Building a RAG Pipeline with OpenRouter
from langchain_openai import ChatOpenAI, OpenAIEmbeddings
from langchain_community.vectorstores import Chroma
from langchain.chains import RetrievalQA
# Use a cheap embedding model for vectors
embeddings = OpenAIEmbeddings(
model="openai/text-embedding-3-small",
openai_api_key="sk-or-v1-your-key-here",
openai_api_base="https://openrouter.ai/api/v1",
)
# Use a powerful model for generation
llm = ChatOpenAI(
model="google/gemini-pro-1.5",
openai_api_key="sk-or-v1-your-key-here",
openai_api_base="https://openrouter.ai/api/v1",
)
Integrating with Continue.dev
Continue.dev is the open-source AI coding assistant for VS Code and JetBrains that lets you configure any model backend. Add OpenRouter as a provider in ~/.continue/config.json:
{
"models": [
{
"title": "Claude 3.5 Sonnet (OpenRouter)",
"provider": "openai",
"model": "anthropic/claude-3-5-sonnet",
"apiBase": "https://openrouter.ai/api/v1",
"apiKey": "sk-or-v1-your-key-here"
},
{
"title": "Llama 3.3 70B (OpenRouter)",
"provider": "openai",
"model": "meta-llama/llama-3.3-70b-instruct",
"apiBase": "https://openrouter.ai/api/v1",
"apiKey": "sk-or-v1-your-key-here"
}
]
}
You can now switch between any model from the Continue.dev sidebar dropdown without reconfiguring anything else.
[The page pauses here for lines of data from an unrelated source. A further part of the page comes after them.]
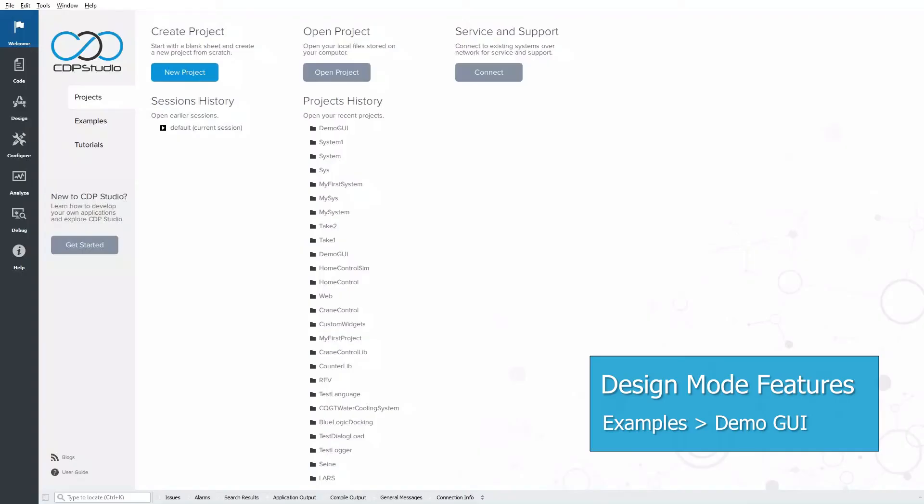Hi guys! Today we'll talk about some of the design mode features that you can use in your UI applications. We'll have a look at the demo GUI example and demonstrate the following topics.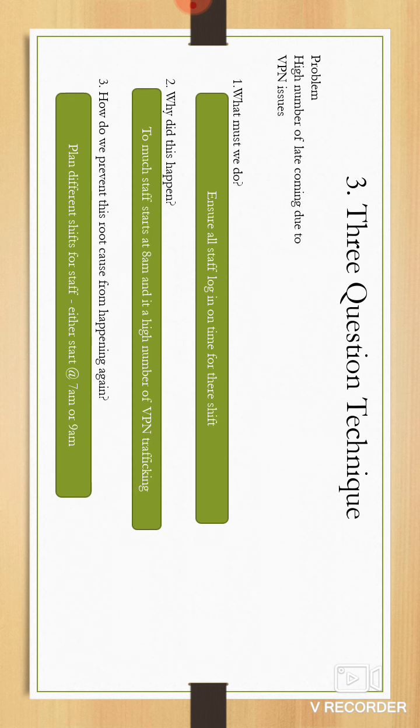Technique three: the three question technique. The problem is a high number of late coming due to VPN issues. What must we do? We obviously need to ensure that all staff log in on time for their shift.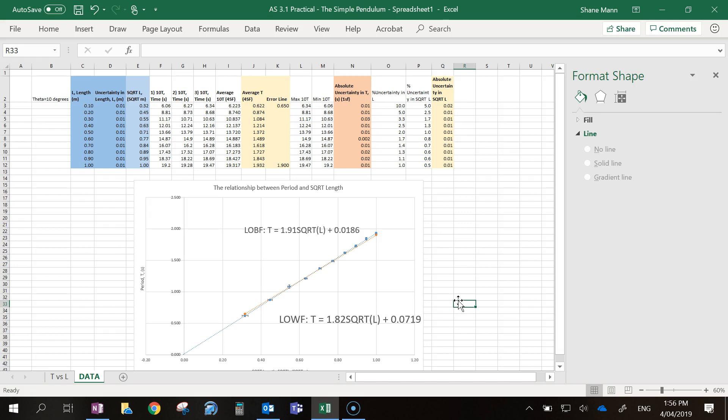Of course, the next step is you have to work out the uncertainty in your gradient and the uncertainty in your y-intercept. As a reminder, the way to do that is you work out the difference between the gradient for your line of best fit and your line of worst fit. That'll give you the uncertainty in the gradient. And to work out the uncertainty in the y-intercept, you take the difference between the intercept value for your best fit and your worst fit. That's how you work out the uncertainties for the gradient and the y-intercept.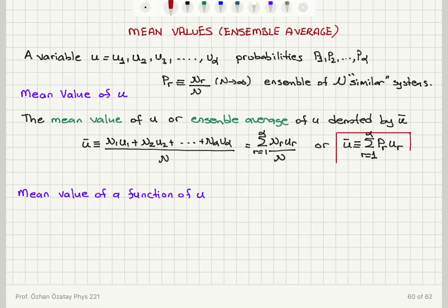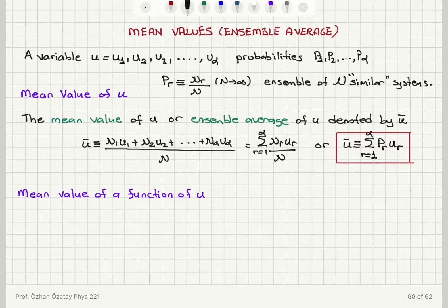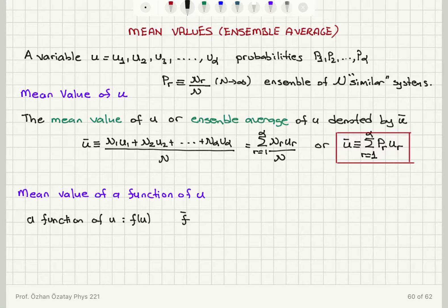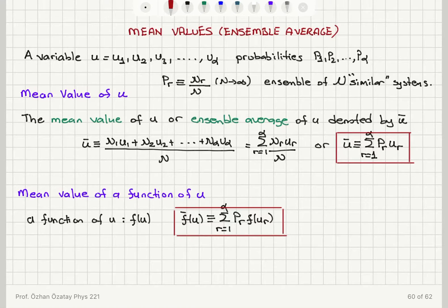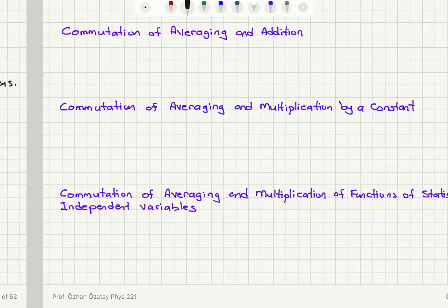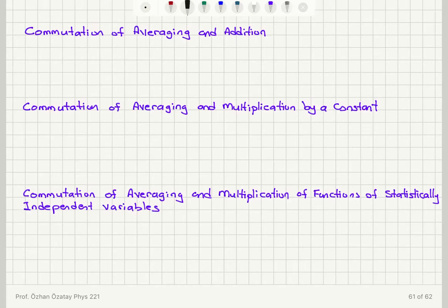We'll see a concrete example in the next video. Now if we have a function of u, written f(u), the ensemble average of this function is by definition the summation from r=1 to α of the probability of having value u_r multiplied by the function evaluated at u_r: ⟨f(u)⟩ = Σ p_r · f(u_r).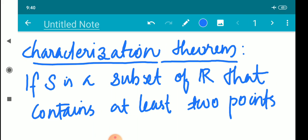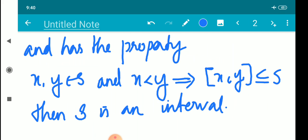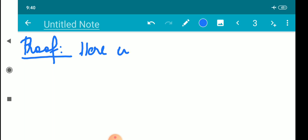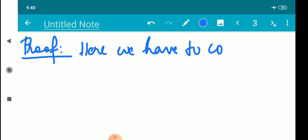For the proof: S is a subset of R. If x, y belongs to S and x less than y, then the closed interval [x, y] is contained in S. Here we have to consider four cases based on whether S is bounded.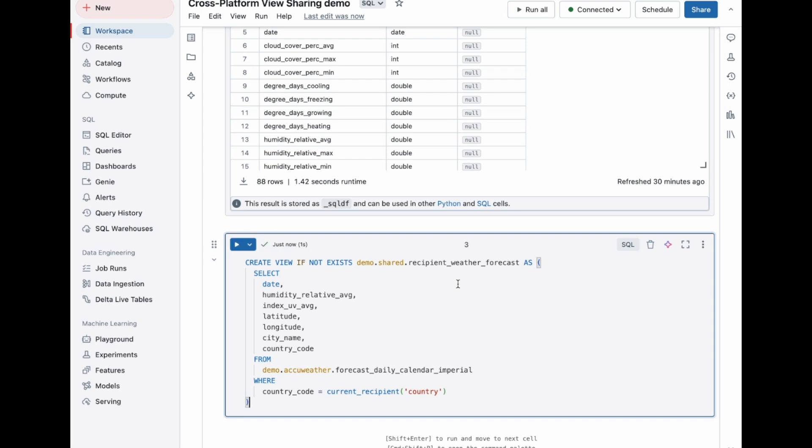Now that I have the view ready, let's securely share it using Delta Sharing. This will allow me to share data across platforms without replication.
Model Routing and Fallbacks
OpenRouter supports automatic fallback routing if a primary provider is down:
response = client.chat.completions.create(
model="anthropic/claude-3-5-sonnet",
messages=[{"role": "user", "content": "Hello"}],
extra_body={
"provider": {
"order": ["Anthropic", "AWS Bedrock"],
"allow_fallbacks": True
}
}
)
This retries on AWS Bedrock if Anthropic’s direct API is degraded — useful for production applications where uptime matters.
When to Use OpenRouter vs Direct APIs
Use OpenRouter when you are experimenting with multiple models, building an application that needs to switch providers without code changes, or want unified billing and cost tracking across models. Use direct provider APIs when you need features specific to one provider (like Anthropic’s extended thinking budget parameters) or when you are at a scale where the marginal markup matters.
For most developers and indie projects, OpenRouter’s convenience is worth far more than any per-token overhead.